Dataset entries:
....................
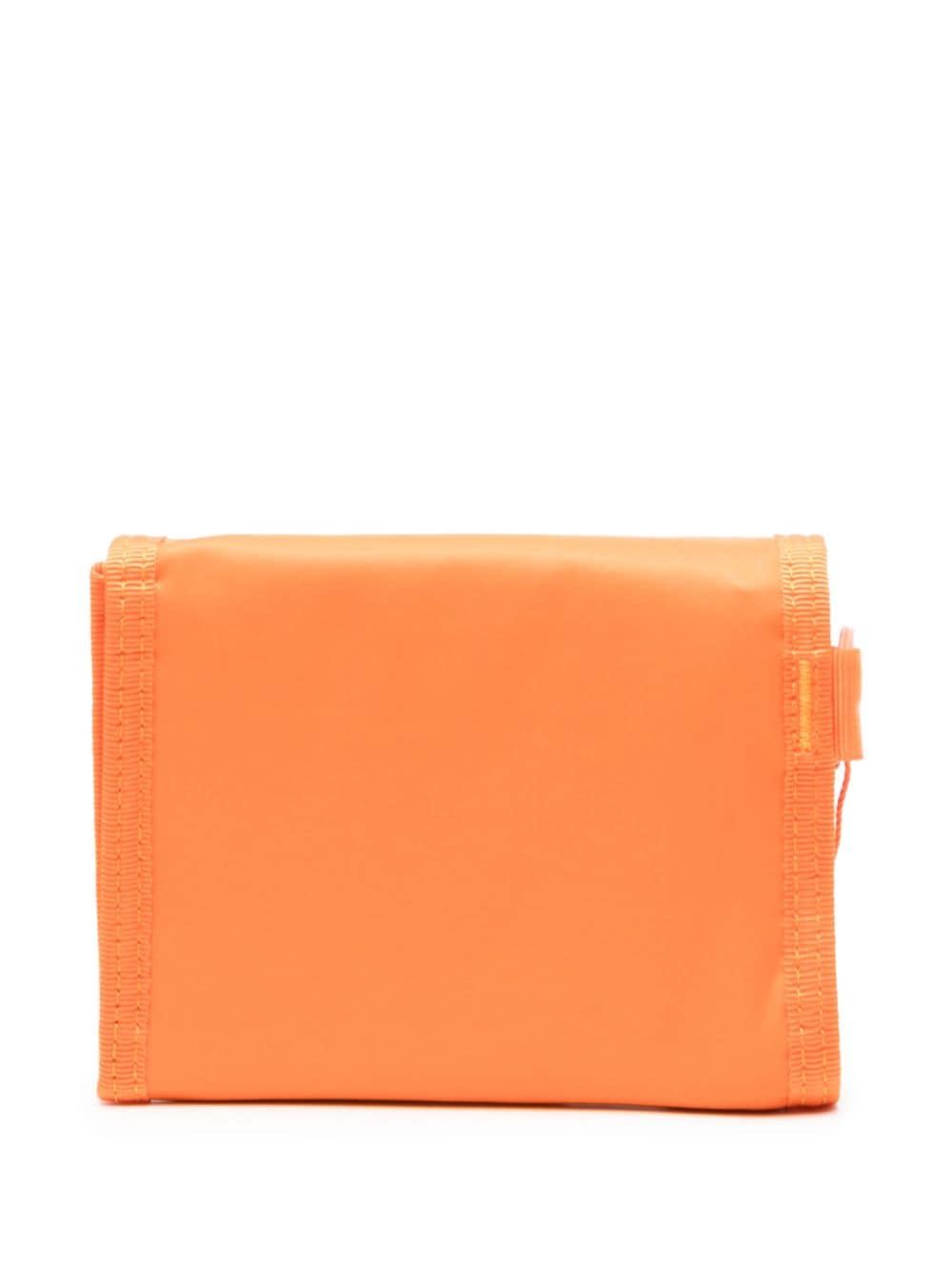 Porter Wallets Orange Outer: Polyester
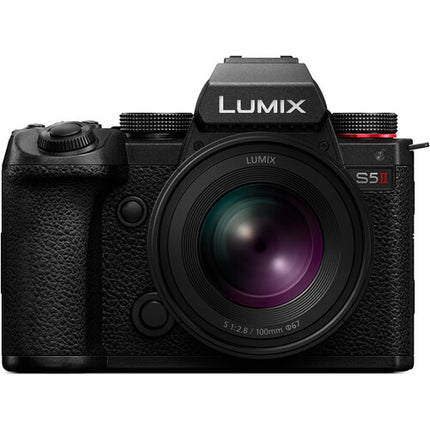 Panasonic LUMIX S 100mm f/2.8 Macro Objetivo Full-Frame con Filtro UV 67mm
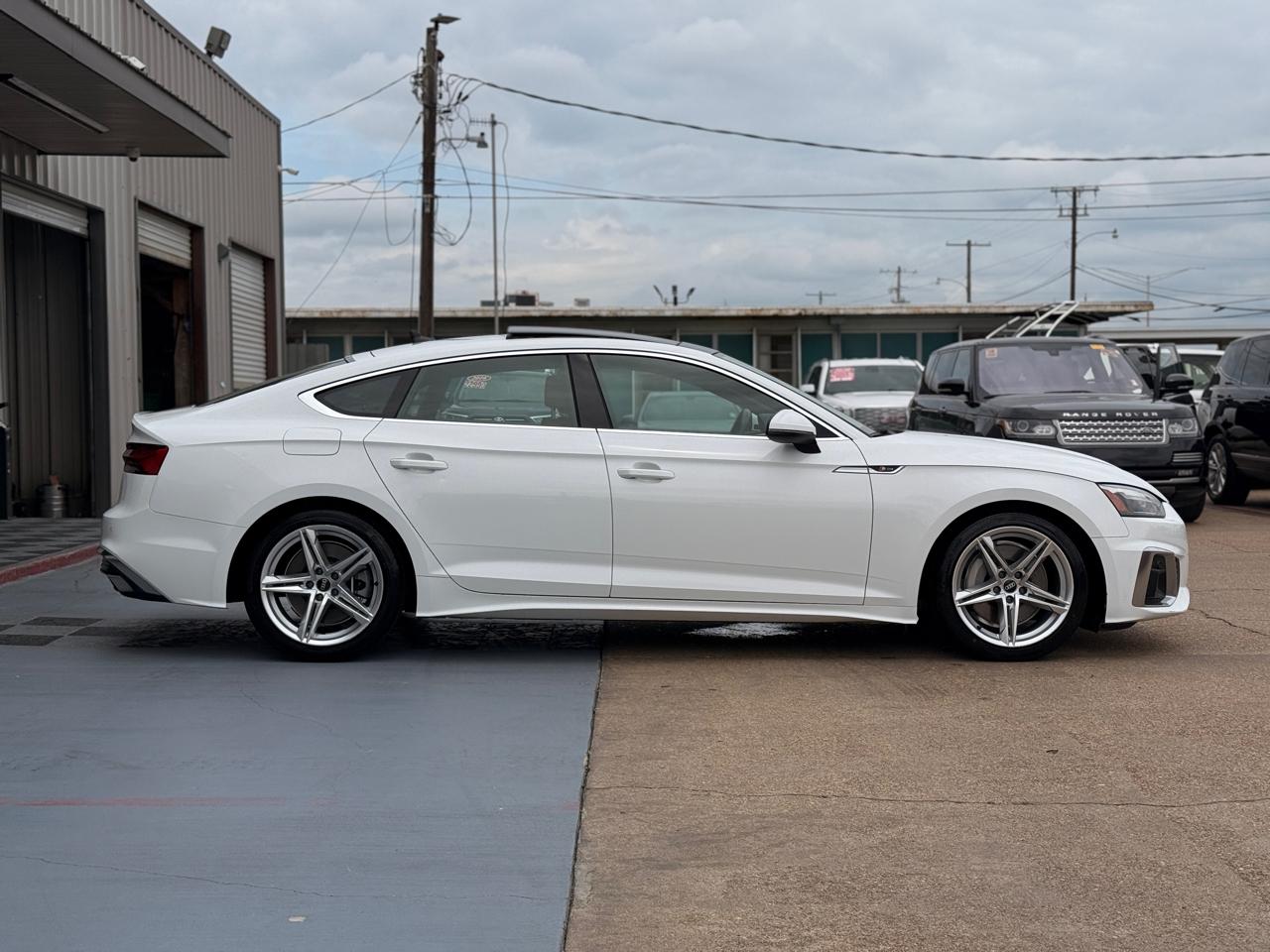Audi A5 Premium S line 45 TFSI quattro 2021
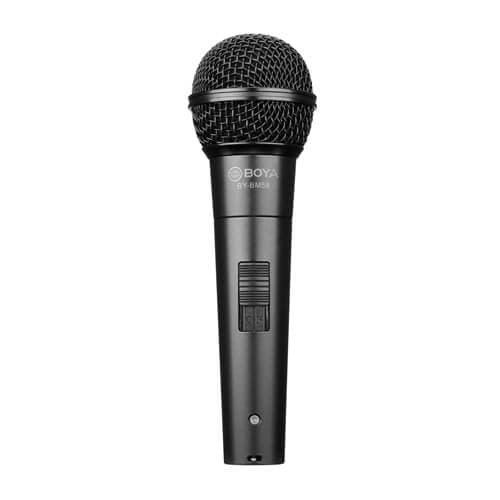 Boya By-bm58 Cardioid Dynamic Vocal Microphone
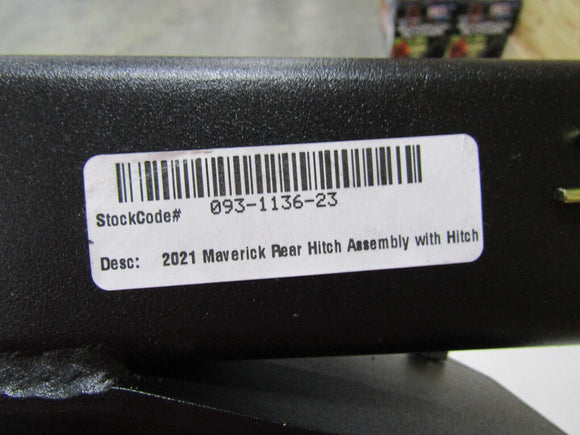 Genuine OEM  Bad Boy 093-1136-23 hitch 093-1136-98 & 093-111-00 assembly Maveric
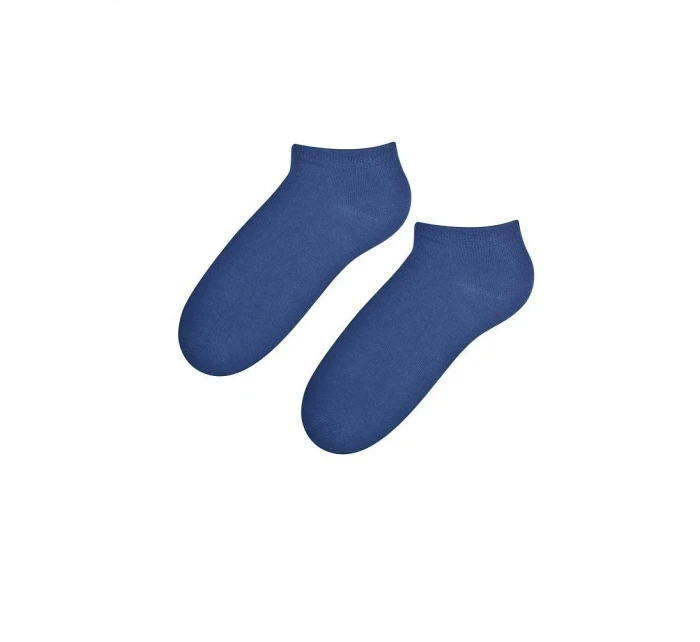 Hladké dámské ponožky Steven art.052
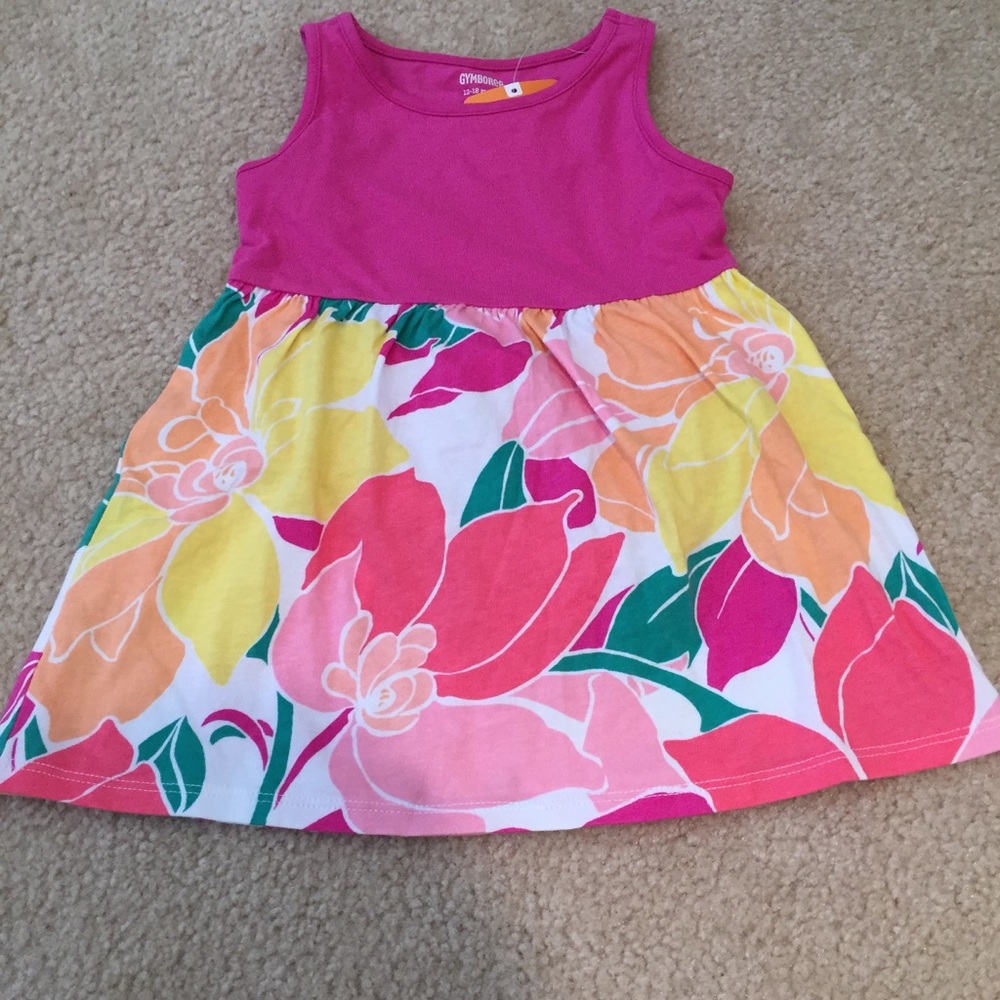 New with tag Gymboree girls dress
....................
Return the lines from the one containing "093-111-00 assembly Maveric" through the last line of the records, both included, exactly as written and with no pictures.

_TASK SOLUTION_
 Genuine OEM  Bad Boy 093-1136-23 hitch 093-1136-98 & 093-111-00 assembly Maveric
 Hladké dámské ponožky Steven art.052
 New with tag Gymboree girls dress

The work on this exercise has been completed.